Das ganze Wochenende konnte Isabelle immer wieder spannende, ernste, aber auch lustige Anekdoten erzählen von ihrer Zeit in Haft. Das lockerte enorm die Stimmung auf. Wir “spielten” auch einen Hofgang, ein Experiment, das Isabelle auch zum ersten Mal bei einem Knast-Training machte. Denn: Das Training wird kontinuierlich weiterentwickelt und aktuell wohl auch noch mal etwas umgestellt, damit es etwas weniger Input geballt am zweiten Tag ist.

Was nehme ich nun mit, am Montag danach? 

Wahnsinnig viel. Viel Wissen. Viel Wunsch nach weiterlesen von Büchern, die uns gezeigt wurden. VIELE Fragen. Ich glaube, die meisten gingen mit mehr Fragen, als sie vorher hatten, nur dass diese alle viel konkreter sind. Der Knast ist  greifbarer geworden. Realer. Das ist gruselig. Das öffnet Emotionen in mir. Aber es fühlt sich nun mehr danach an, als wäre ein Knastaufenthalt etwas, das sich bewältigen lässt mit der nötigen Vorbereitung.

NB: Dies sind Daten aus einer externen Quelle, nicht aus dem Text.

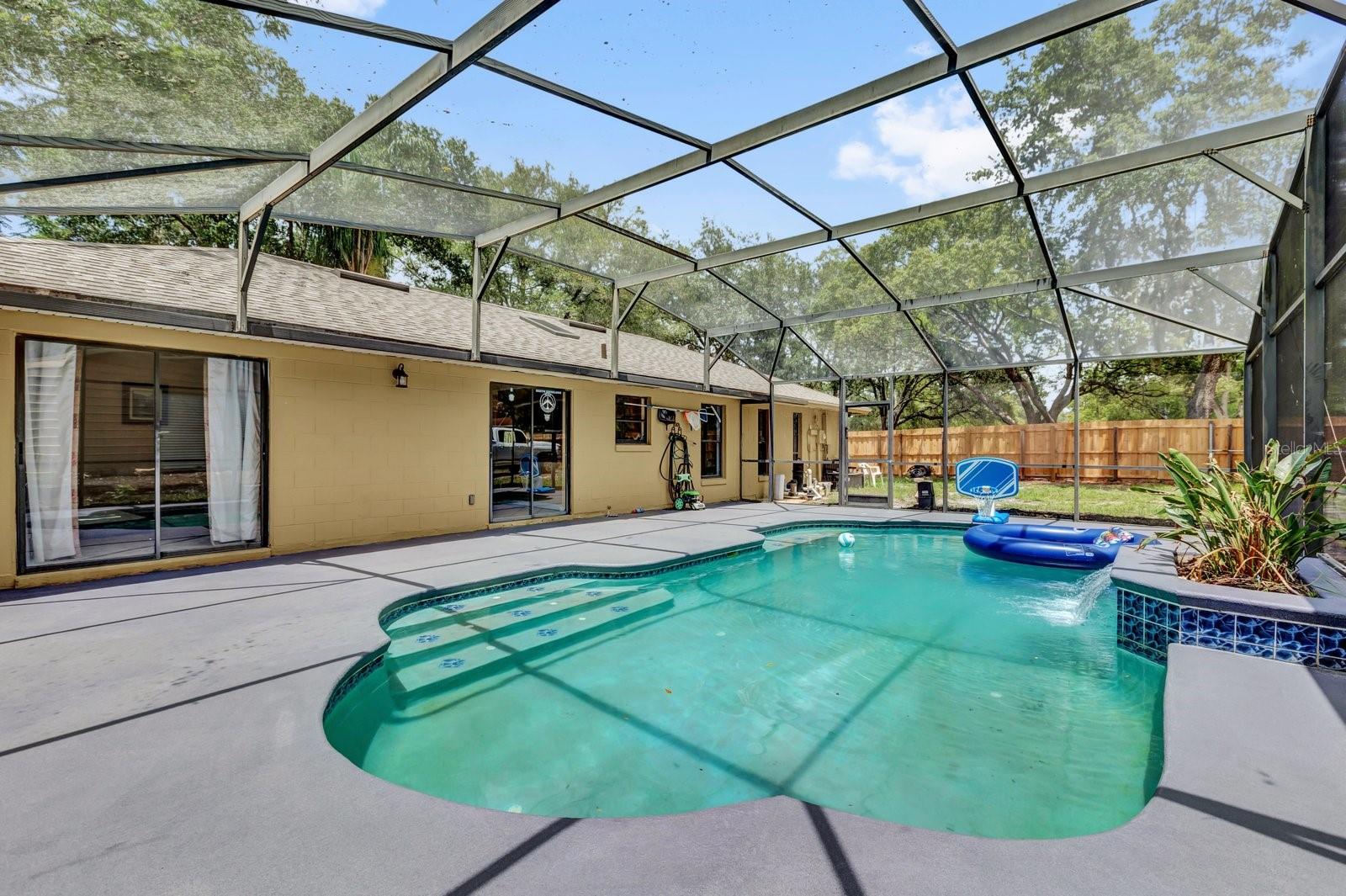 Image 4 of 28 For 31632 Spruce Drive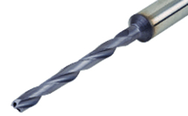 SolidDrill SCD 049-048-060 ACP8 - Exact Tooling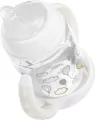 NUK. Butelka. 150 ml. 6-18 miesięcy - tantis.pl
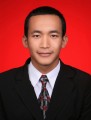 Foto Profil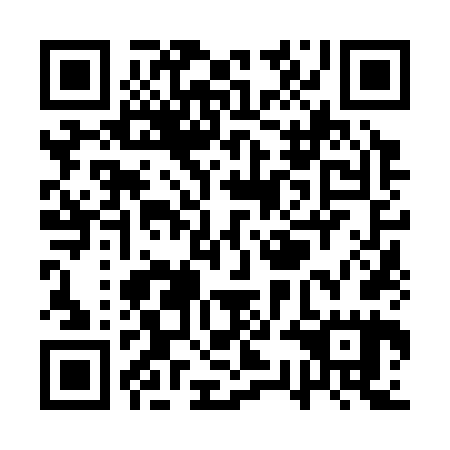 QR code for QSN365
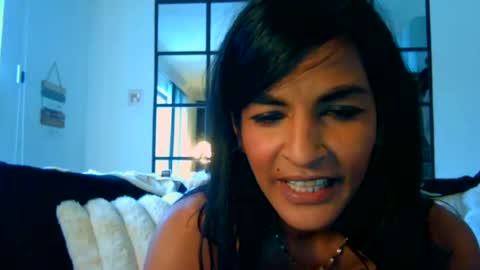 rani online show from 07-28-26, 11:28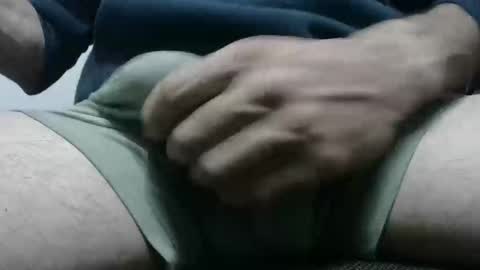 fescarf1991 online show from 10-29-25, 01:30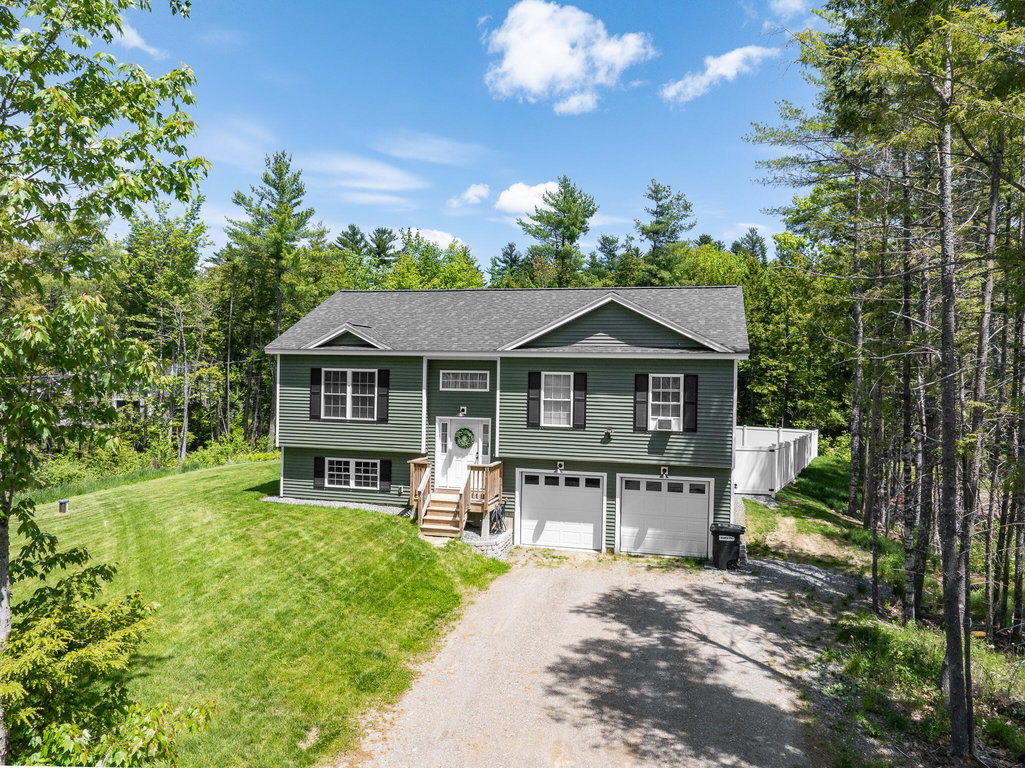 37 Conners Avenue Hermon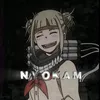 nyokam_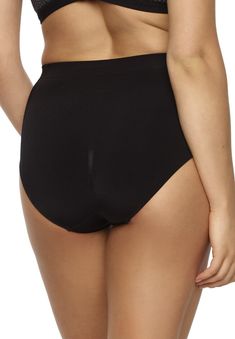 Designed to eliminate visible panty lines, these briefs provide a seamless look under any outfit. They are super soft, ultra-breathable, and lightweight for Thermal Sweater, Shrug Cardigan, Jumpsuit Jacket, Womens Scrubs, Swimsuits For All, Back Women, Tunic Shirt, New Tops, Cardigan Tops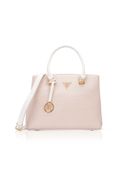 Pink color option, Sold out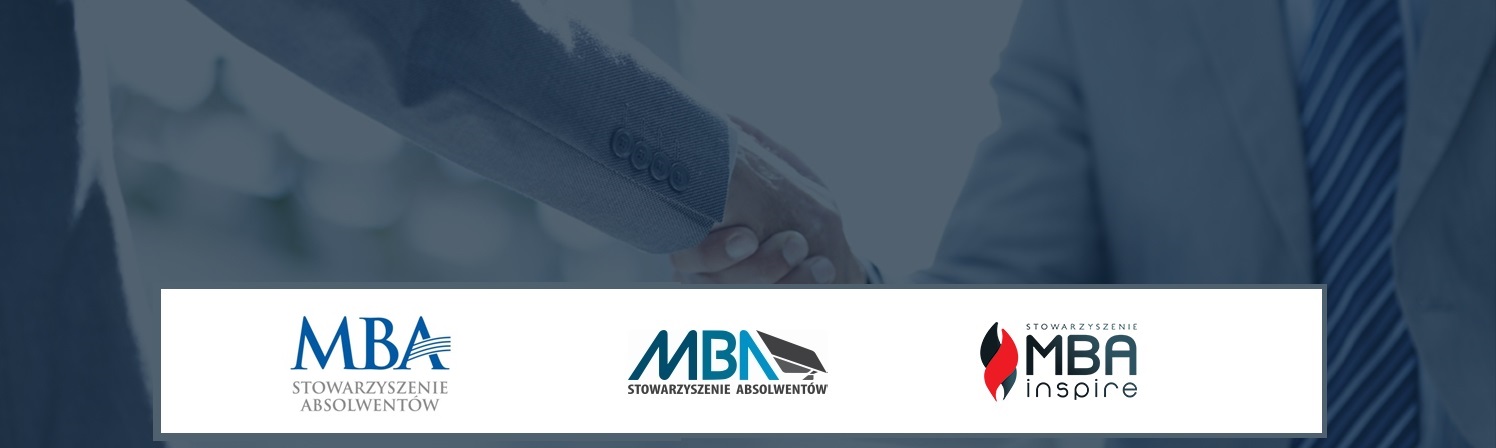 Porozumienie Stowarzyszeń MBA
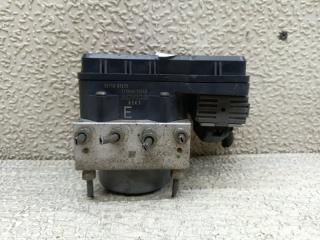 Блок abs NISSAN ROOX ML21S K6A 56110-85K30 2 ракурс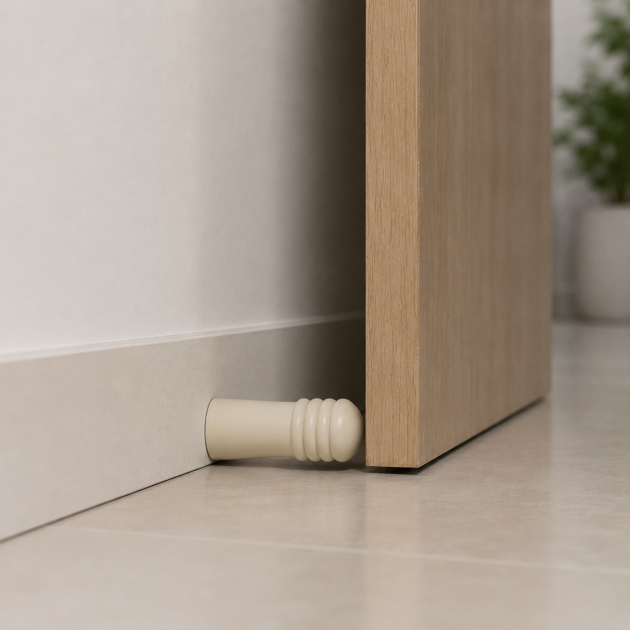 Door Stopper Set (4-Pack)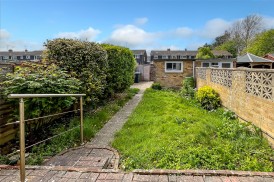 East Preston, Littlehampton, West Sussex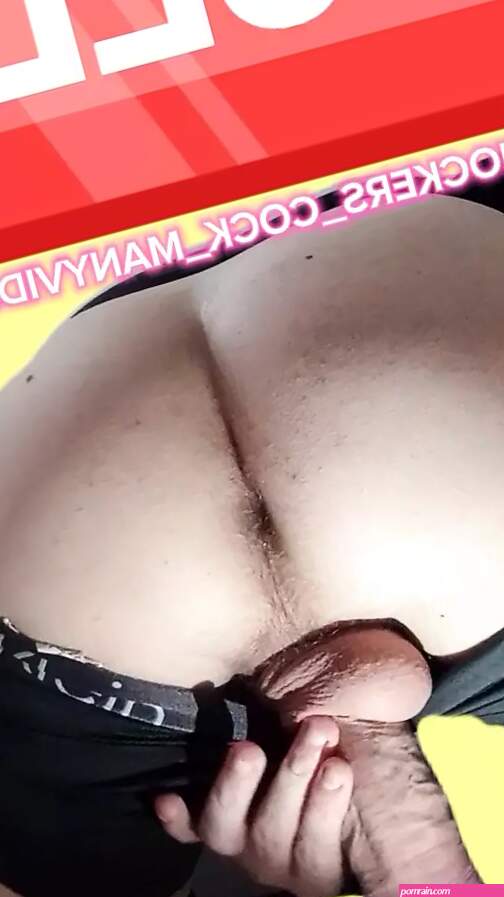 Ass Porn HD Jockers Cock Hot Trans: Russian Shemale Cuckold Porn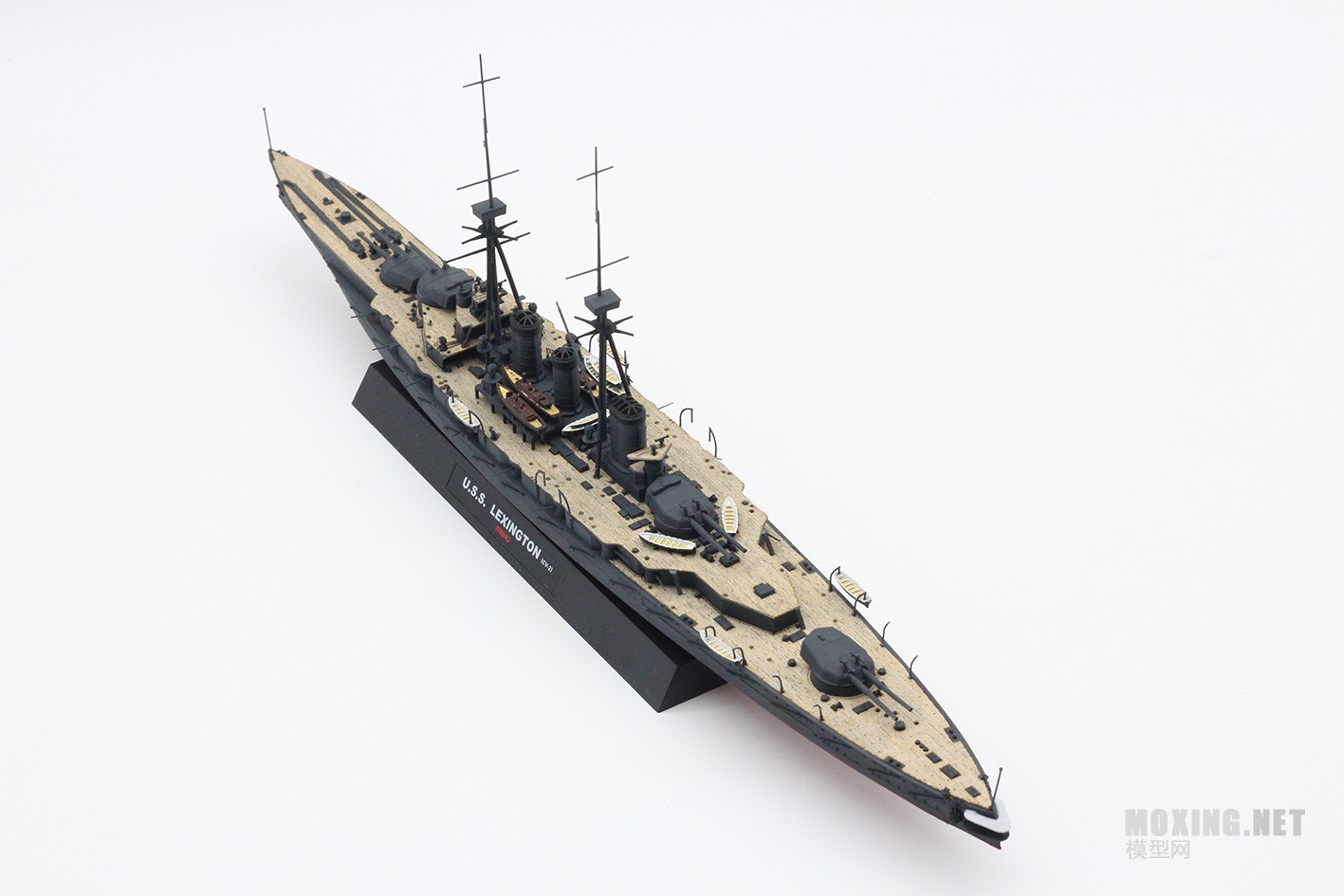 [ģ]KAJIKA(KM70001)-1/700ձ   սѲ1914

Zumindest für mich. Mein Umfeld und meine Familie sind da was anderes. Dass der RAZ mit einem kleinen Pool an rein ehrenamtlich arbeitenden Menschen versucht, Umfeld und Familie zu unterstützen in der Zeit der Haft, ist bestärkend und ich bin diesen Menschen jetzt schon dankbar. Für mich folgt nun ein zweites Knast-Training, das noch konkreter wird, mit einer anderen Person, die viel Gefängniserfahrung hat. Und es ist vor allem spannend zu wissen: Knast bedeutet Bürokratie. Bedeutet wahnsinnig viel Vorbereitung und Aufwand. Und gleichzeitig geht wohl niemand in Deutschland SO vorbereitet ins Gefängnis wie die Menschen, die sich mit dem RAZ vorbereitet haben. Denn die Gefängnis-AG wird all diese Fragen, diese Orga-Punkte mit den Menschen durchgehen, wenn der tatsächliche Haftantritt ansteht. Welcher Knasti hat schon die Möglichkeit, dass die Familie emotional begleitet wird, und man selber ein Netzwerk hat, das einen auf dem Level stützt?
Ich arbeite selber im RAZ mit, und sogar mir ist noch viel viel mehr deutlich geworden, was für eine krasse Arbeit das ist, was für Angebote, die wir geben können. 

Und noch etwas letztes, das ich mitnehme: Wenn du diesen Erfahrungsbericht liest, ist die Chance nicht gering, dass jemand, den du kennst, irgendwann in den nächsten Monaten oder Jahren ins Gefängnis muss für Aktivismus. Auch wir als Netzwerk, als Freundeskreis können und müssen unterstützen, denn es ist eine Ausnahme- und eine Extremsituation. Die Dinge zu wissen, die das Training einem gibt, sind auch für diese Menschen wahnsinnig wertvoll. Also: Nehmt euch die Zeit, wenn ihr könnt.